What you have to do ▸ Locate "ARCHIE - reserviert Tierhilfe Curacanis e.V." in the data below, then output the line it is on and all following lines through the last, word for word. Skip any pictures.

Excerpted data ▸
-- -- --

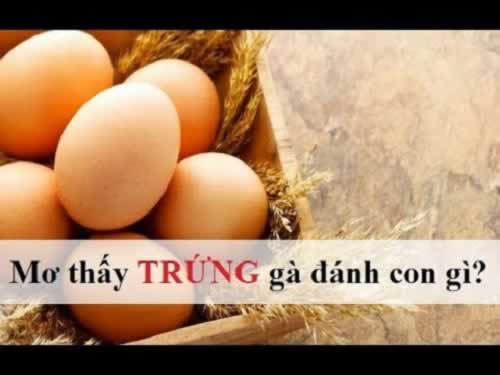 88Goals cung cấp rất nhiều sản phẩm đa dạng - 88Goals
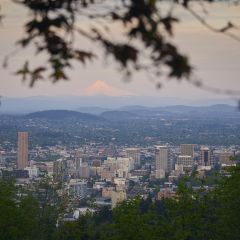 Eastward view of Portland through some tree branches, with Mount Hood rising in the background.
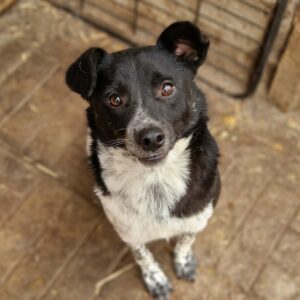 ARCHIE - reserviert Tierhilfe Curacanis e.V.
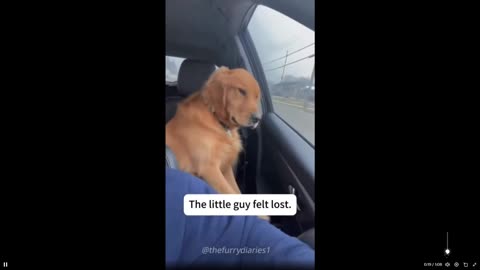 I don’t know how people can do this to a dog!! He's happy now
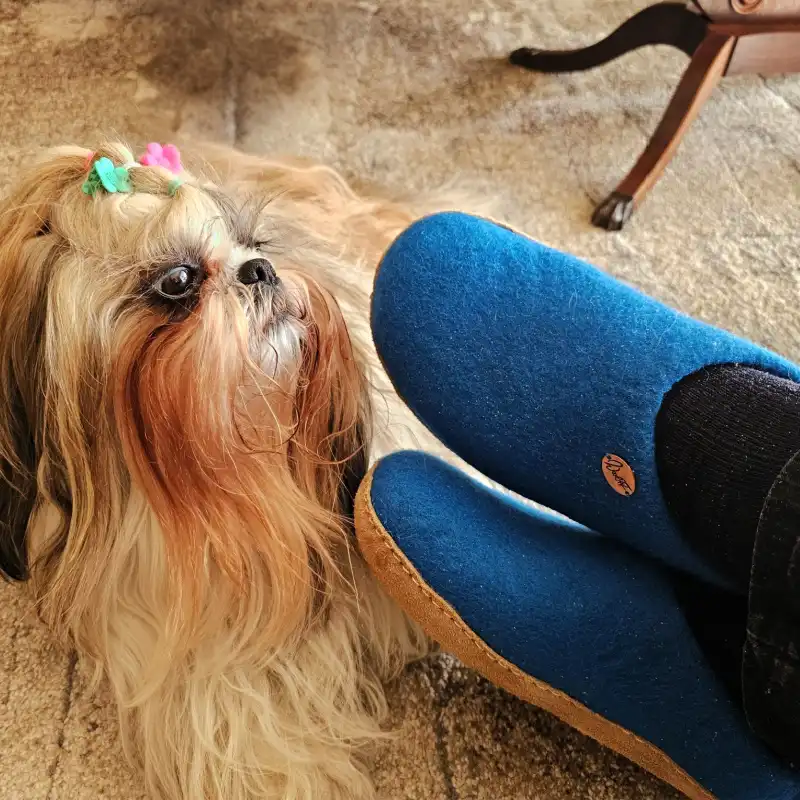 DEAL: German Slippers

-- -- --

Solution below ▸
 ARCHIE - reserviert Tierhilfe Curacanis e.V.
 I don’t know how people can do this to a dog!! He's happy now
 DEAL: German Slippers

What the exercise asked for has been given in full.